Here’s what happens. Let say a stock, which is currently priced at Rs 200 per share, announces a 2-for-1 stock split. If you own 100 shares before the split worth Rs 20,000, you will own 200 shares worth Rs 20,000 after the split.
The market automatically marks down the price of the stock by the divisor of the split. The Rs 200 per share price becomes Rs 100 per share.
There are other splits such as 5-for-1 and 10-for-1, however 2-for-1 seems the most common.
It terms of what your holdings are worth, nothing changes. In terms of what the company is worth, nothing changes. So, why do it?
Perception – Some companies worry when the per share price gets too high that it will scare off some investors, especially small investors.
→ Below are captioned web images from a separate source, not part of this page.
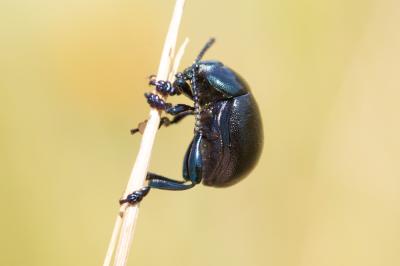  Timarcha goettingensis (Linnaeus, 1758)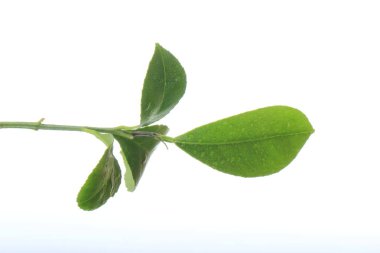 arka planda yeşil narenciye, yakın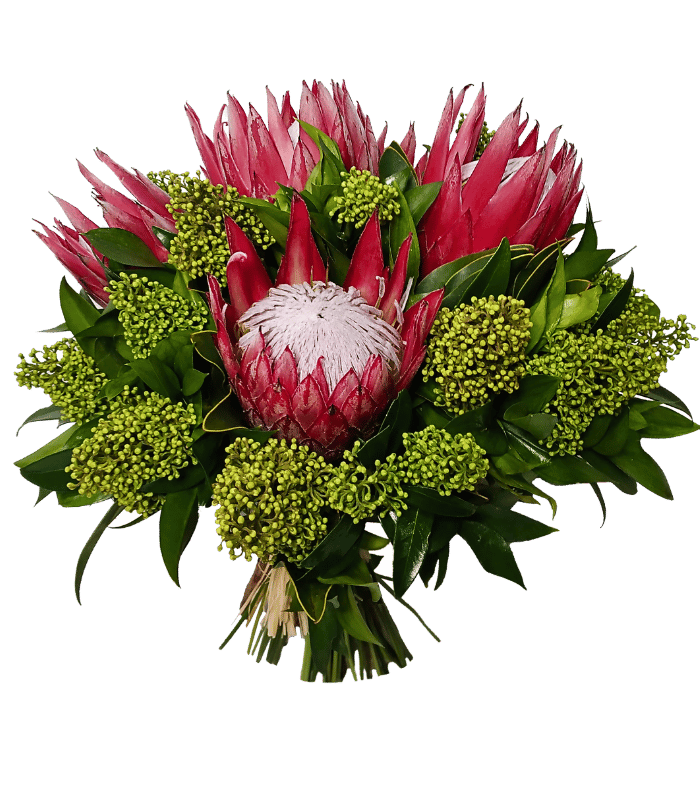 Queen-of-Red.png Queen of Red - Image 1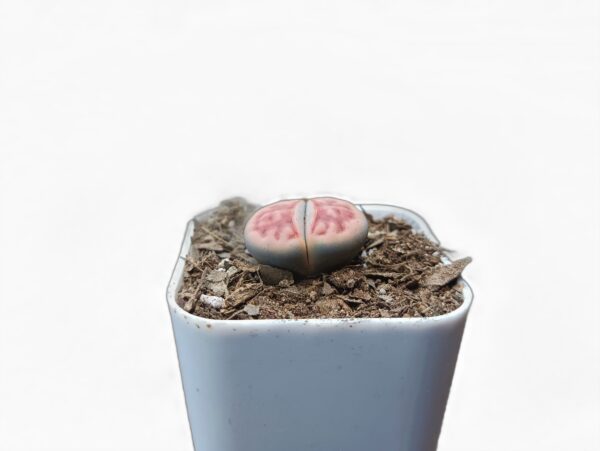 "Fascinating Living Stones: Lithops karasmontana Collection at Frek"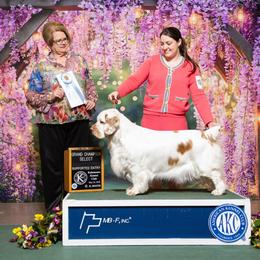 Charlotte - Clumber Spaniel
Splitting the stock brings the per share price down to a reasonable level.
Liquidity – If a stock’s price rises into the thousands of Rs per share, it may reduce the trading volume. Increasing the number of outstanding shares at a lower per share price aids liquidity.
Is it Good for Investors?
Some investors say a stock split is a sign that a stock is doing well and they consider it a buy signal. You should always look at the whole picture before making an investment decision. If you want to use stock splits as a marker for stocks to consider for further evaluation, that is a reasonable idea, but don’t stop there with your research.
Ultimately, you should buy a stock based on whether it meets the fundamental standards you require and not on whether it will or will not split.